Lealdade (de verdade) só existe na mesa do bar!

Posted on novembro 22, 2021novembro 26, 2021

Era no século passado, eu fazia faculdade à noite e do lado da nossa casa tinha o bar do Zé, onde o marido pagava os créditos na escola da vida, que ensina muito mais.

Era um desses butequinhos de bairro com estufa recheada e um mercadinho desfalcado. A turma de sempre, presente. Tinha o Jorge, consertador de geladeira e de corações partidos. Com um sorriso largo, tratava de levantar a moral da turma quando tudo andava meio capenga. O Oliveira, mecânico graduado na arte da gambiarra a quem o conge deve boa parte de suas habilidades de Magaiver. O Sossego, torcedor do coelho que dispensa apresentações, sempre era feito de boi de piranha sem nunca se dar ao trabalho de levantar a pestana. Os outros não me lembro mais, mas a turma era ponta firme e muito organizada, ai de quem cabulasse aula sem uma boa justificativa.

O Zé era um sujeito branco e seboso que usava óculos grossos que lhe conferiam um quê do besouro da cobrinha azul. Usual no traje de gala: calção largo regata embaçada e toalhinha repousada no ombro. A toalha limpava a testa, as mesas, o suor das brahmas e desconfio que muito mais. Era um sujeito pacato que cozinhava desleixado e gostava mesmo é de ficar ouvindo a resenha alheia com a tranquilidade de quem não precisa cativar seu público.
Eis que certo dia, o marido já tinha deixado avisado que seria aniversário de casamento, que iria preparar o jantar da patroa e, portanto, não estaria presente na classe aquela noite. Justificativa justa, deliberaram. Eu voltei pra casa mais cedo pra melhor aproveitar meu dia de princesa. Tava fazendo um frio enjoado e o consorte pouca boca já tinha lascado o que lhe restava. Mulher esmerada que sou, tasquei-lhe um batom um tanto carmim para besuntar o que lhe restava dos lábios de mel.

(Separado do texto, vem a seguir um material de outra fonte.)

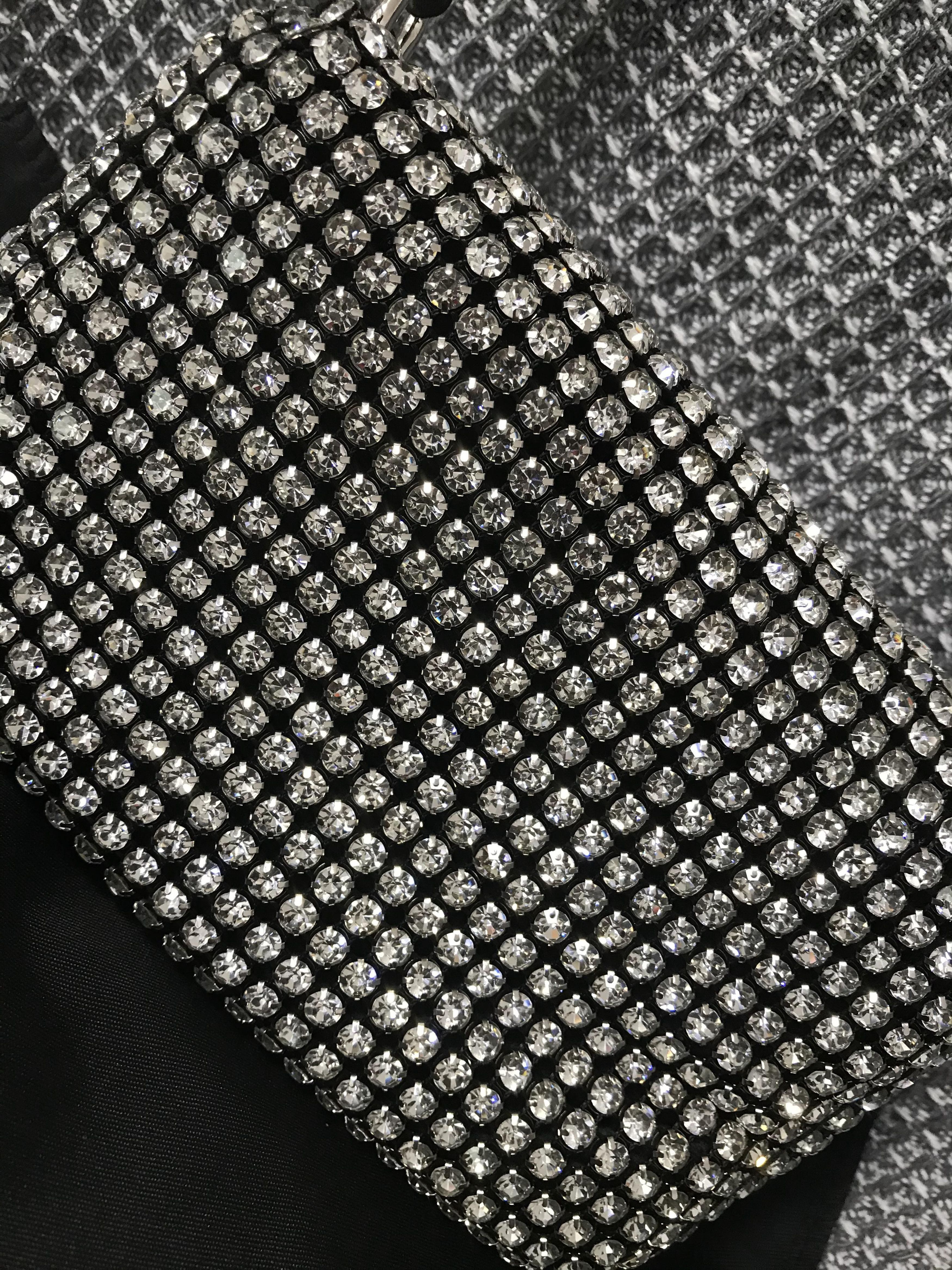 Alexander Wang Alexander Wang logo Crystal Bag Shoulder bag Size ONE SIZE - 2 Thumbnail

O cardápio desenvolvido para a noite romântica pelejo, mas não consigo lembrar. Eu na sala, bebericano um martini provavelmente mais sujo do que o recomendado. Através da porta fechada da cozinha, afinal o segredo é a alma de todas as coisas, ouvia-se todo o esforço e barulhos possíveis, afinal esse negócio de ser o provedor é uma labuta bruta. Calhou de faltar um molho de tomate. Homens de modo geral, não são muito reconhecidos pela capacidade de atenção aos detalhes e na cozinha detalhes e planejamento são implacáveis. O leão da montanha tratou de achar a saída pela esquerda (também conhecida como porta de serviço) a fim de não deixar escapar um aroma sequer da complexa alquimia em construção.

Minutos depois retorna, adentra o recinto de amor desta vez pela porta da frente com o pacote superfaturado de molho de tomate em mãos. Antes que pudesse emitir qualquer som a casa é tomada por rajadas galhofas, escárnio deliberado, lágrimas, soluços e escapadas de xixi; tudo junto numa pessoa retorcida no sofá como se estivesse tendo uma cólica renal. Não precisava de tanto confesso, mas quem me conhece sabe que sou filha de Irene (aquela que o que faz de melhor é rir) e o escândalo na gaitada é marca indubitável da família.
O bichinho com cara de marido traído ficou ali parado no buraco negro da incompreensão até que conseguiu traduzir meus murmurejos engasgados entre rinchadas: …. você …… kkkkkkk ….. foi assim….papapapapá…. no Zé?!….. thubirubiru…..

Um espelho e um sonoro puta que pariu descortinou minha performance de hiena maconheira. No reflexo estava lá, incontestável e pulsante a boca borrada de palhaço burlesco ou de uma puta pós laboro oral fervoroso se preferir.
Nenhuma observação foi feita naquela noite diante daquela aparição. Um leve franzir de cenho do Sossego, apenas. Lealdade assim meu caro, não espere nem do seu cão; só existe mesmo é na mesa do bar.